Like many, I was engrossed in watching the Presidents Cup and didn't pay much attention to the LPGA's Reignwood Classic in Beijing, China, where a 90-minute fog delay, followed by a series of poor fan behavior antics, led to Stacy Lewis bickering with Twitter followers and deleting her account. (Beth Ann Baldry laments Lewis' depature and writes about the issues with fan etiquette in Asia.)

It seems one of Lewis' gripes had to do with the air quality, which the LPGA's media staff--hoping to clear customs without visiting a windowless room--said "foggy conditions" delayed play.

Unfortunately, it was smog, explains Bloomberg's Adam Minter.

On Saturday, the LPGA delayed third-round tee-times for 90 minutes, but then allowed the tournament to go on -- despite the fact that the U.S. embassy air-quality readings remained at “hazardous” levels for much of the day. These dangerous air-pollution levels persisted into the night and led the U.S. embassy to issue an emergency alert for American citizens early Sunday morning. It read, in part:

“The Embassy would like to notify you that the Beijing Embassy air monitor Air Quality Index (AQI) readings have averaged over 300 in the 24-hour period beginning at 8:00 pm on October 4, and were over 400 overnight.

“According to the Environmental Protection Agency (EPA) recommendations, AQI levels above 301 are considered hazardous. The EPA recommends that, at AQI levels above 301, everyone should avoid all physical activities outdoors.”

Minter notes the LPGA website's misleading headline:

“REIGNWOOD LPGA CLASSIC FINAL ROUND DELAYED FOR HEAVY FOG,” it read. “Due to low visibility, the start of the final round has been delayed by 90 minutes to 9:55.”

Fog -- real fog -- has delayed LPGA events in the past (as recently as in June at the U.S. Women’s Open in Southampton, New York), and thus it’s entirely possible that the LPGA was making a sincere effort to deal with low visibility, rather than the negative health effects of the air. Yet the fact that the LPGA resorted to using the state-owned Chinese news media’s long-time favorite means of downplaying the dangers of smog -- simply label it “fog” -- suggests the association may have known the scope of the problem and decided to minimize it.

A third round notes piece still refers to the "fog."

Getty Images includes a few shots of the players wearing protective masks during play and while I know some of you will find this to be a sad state of affairs, think of the branding opportunities! Logos on the masks? Uh-huh!

As you may recall, all of golf's major organizations have been eager to do business in China despite the nation's human rights and environmental track records.

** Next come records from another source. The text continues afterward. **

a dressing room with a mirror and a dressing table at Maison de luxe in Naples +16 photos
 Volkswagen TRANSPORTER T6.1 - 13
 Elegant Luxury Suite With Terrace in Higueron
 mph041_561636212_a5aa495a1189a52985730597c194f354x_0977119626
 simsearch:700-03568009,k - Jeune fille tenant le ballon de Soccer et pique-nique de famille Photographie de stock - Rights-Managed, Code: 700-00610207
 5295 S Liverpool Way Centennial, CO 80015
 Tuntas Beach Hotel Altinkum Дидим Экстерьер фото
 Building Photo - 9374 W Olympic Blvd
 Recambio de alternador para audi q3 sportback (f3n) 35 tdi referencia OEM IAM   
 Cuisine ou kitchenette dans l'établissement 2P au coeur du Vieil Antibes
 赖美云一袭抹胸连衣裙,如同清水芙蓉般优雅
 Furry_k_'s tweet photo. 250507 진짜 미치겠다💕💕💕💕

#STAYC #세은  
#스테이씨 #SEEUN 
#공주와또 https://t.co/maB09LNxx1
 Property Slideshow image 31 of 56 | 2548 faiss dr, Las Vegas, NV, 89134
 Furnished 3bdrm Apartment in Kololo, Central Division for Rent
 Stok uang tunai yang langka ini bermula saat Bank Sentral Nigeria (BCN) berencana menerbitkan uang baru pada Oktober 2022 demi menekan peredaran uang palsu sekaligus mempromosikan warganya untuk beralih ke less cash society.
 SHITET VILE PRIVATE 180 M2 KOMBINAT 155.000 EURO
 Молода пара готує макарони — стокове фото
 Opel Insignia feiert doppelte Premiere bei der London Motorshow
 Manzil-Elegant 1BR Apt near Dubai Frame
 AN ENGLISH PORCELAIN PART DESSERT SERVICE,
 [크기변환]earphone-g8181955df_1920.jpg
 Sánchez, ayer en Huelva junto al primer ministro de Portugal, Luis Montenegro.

PGA Tour Commissioner Tim Finchem has pushed especialy hard for the PGA Tour to expand into China, even speculating that it might be the site of a future Presidents Cup in 2019.

The PGA Tour makes its first ever official stop in Shanghai October 28-November 3rd at the WGC HSBC Champions, which previously has not been played for official money.

Get your branded masks ready!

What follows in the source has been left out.